Death, your forest and taxes
Murray Downs, New Zealand Tree Grower February 2006.
Two accountants are in a bank when armed robbers burst in. While several of the robbers take money from the tellers, others line the customers against a wall and proceed to take their money. While this is going on, accountant number one jams something in accountant number two’s hand. Accountant number two whispers ‘What’s this? Accountant number one replies ‘It’s the $50 I owe you.’
Death does not allow such impromptu arrangements of your financial affairs, especially if you own a forest.
Up until now, many tax advisors accepted that if you owned forestry trees of any age in your own name, or in the name of a partnership, then when you died there was tax to pay on your share of the market value of the trees as at your date of death. Not that death made your immature trees able to be harvested so that you had cash to pay the tax.
Worst still, in more recent years, the Inland Revenue Department ruled that the entity that inherited the forest was deemed to have purchased the forest at nil tax value, and nil GST value, because no money changed hands. In effect, one forest had to pay tax and GST twice just because you died.
These have been the motivating reasons for many foresters to be advised to use a loss attributing qualifying company to own their forest, and you will find more information about these in an article on page 17 of the May 2005 Tree Grower. You own the shares in the company, not a forest. So when you die, there is no tax on your trees, as the company continues to exist and to own the forest. Your estate just transfers your shares.
If you had the forest in a trust that would be fine as long as the trust had other income to offset the forestry losses that occurred from planting up until harvesting. Assets in a trust are unaffected by your death.
The neat nimble new
Taking effect from 1 October 2005, Section FI 7 of the Income Tax Act 2004 says –
‘When timber, standing timber, or a right to take timber owned by a deceased person is left to a person who is related to the second degree, the transfer to the administrator or executor of the estate and the subsequent transfer to the beneficiary is at tax book value.
This exclusion recognises that immature forests, in particular, are difficult to value.’

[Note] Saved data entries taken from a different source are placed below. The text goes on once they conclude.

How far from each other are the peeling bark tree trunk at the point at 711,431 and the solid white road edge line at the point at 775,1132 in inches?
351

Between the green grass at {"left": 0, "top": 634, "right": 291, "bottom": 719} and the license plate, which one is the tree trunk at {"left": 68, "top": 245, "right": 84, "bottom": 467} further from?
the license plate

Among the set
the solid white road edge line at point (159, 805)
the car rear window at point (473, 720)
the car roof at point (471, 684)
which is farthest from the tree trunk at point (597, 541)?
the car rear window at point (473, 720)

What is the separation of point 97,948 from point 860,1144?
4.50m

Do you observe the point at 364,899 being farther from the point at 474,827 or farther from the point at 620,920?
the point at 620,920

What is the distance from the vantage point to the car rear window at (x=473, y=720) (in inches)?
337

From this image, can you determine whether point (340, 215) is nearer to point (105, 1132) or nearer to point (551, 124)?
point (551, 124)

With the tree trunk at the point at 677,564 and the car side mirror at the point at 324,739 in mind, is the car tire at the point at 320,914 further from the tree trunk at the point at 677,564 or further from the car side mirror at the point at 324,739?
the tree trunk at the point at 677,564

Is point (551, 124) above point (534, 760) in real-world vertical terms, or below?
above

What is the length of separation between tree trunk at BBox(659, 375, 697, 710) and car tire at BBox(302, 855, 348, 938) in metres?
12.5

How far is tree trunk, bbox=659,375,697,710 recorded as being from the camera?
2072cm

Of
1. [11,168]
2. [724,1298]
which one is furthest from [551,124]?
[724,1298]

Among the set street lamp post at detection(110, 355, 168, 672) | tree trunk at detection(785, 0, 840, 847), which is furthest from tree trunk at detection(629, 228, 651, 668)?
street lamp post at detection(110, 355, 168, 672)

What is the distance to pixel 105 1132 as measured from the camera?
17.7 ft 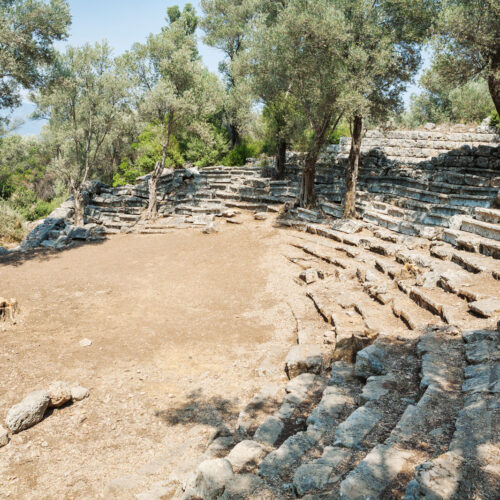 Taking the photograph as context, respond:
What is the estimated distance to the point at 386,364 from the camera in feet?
20.7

Using plain English, this means that if you own timber trees, or have a joint forestry venture and you die, as long as your will leaves the forest to a spouse, sibling, child, grandchild or grandparent, then there is no tax.. The forest’s sale value in your books to the date of your death is the same as the forest’s original cost in your books – which for many farm foresters is nil. The cost for those who inherit the forest will be the same as the cost was in your books, a tax neutral result.
So what does this mean?
There is less impetus to use a loss attributing qualifying company in the future if you have a small forest, such as labour intensive special purpose species block. This can save a lot on legal and accounting costs. You must have relatives, and you should check that your will provides specifically that your share of the forest goes to relatives.
If you have other business interests owned in your name or partnership name, such as rental properties, farms, land dealings or buildings that are substantially depreciated, then a slightly different set of rules applies to these other assets. Each has a different twist, and you need to review your will with your accountant, and probably your solicitor as well, to see if or when you qualify for the expected tax relief that the Income Tax Act 2004 can provide.
It is very hard to plan a will that successfully survives the future years of legal and tax changes, especially as today many people wisely have family trusts and companies. We revamped our trusts and wills recently, and decided in very general terms to allow flexibility for the future. But you still have to review your will. We jog memories of clients by making wills a subject of every year’s questionnaire.
Re-evaluate
If you already have your forest in a company or trust, then nothing has changed. Hopefully you are well protected from tax on your death, but family situations change over time. If you make further forest plantings, then you should re-evaluate whether you want to use these companies and trusts for those plantings. In a lot of cases it will make good sense to put any new forestry investments through these existing entities. Do not overlook that a simpler method is now available. There are other reasons for using a company structure – to reduce legal liability if disastrous fires are started, or for cover if the forest should fail from wind, pest or disease, or if future environmental regulations impose restrictions on your forest.
Hopefully, we can trust the politicians not to tinker any more with these fairer rules of death, tax and your forest. However tax rules on forestry have changed 15 times during the years that an average radiata forest grows to maturity.
In summary do not wait until you are faced with tax on your death – review your will and your estate plans.
Murray Downs, Down to Earth Accountants – This article is simplified and cannot be relied on to cover all situations. We recommend you seek professional advice.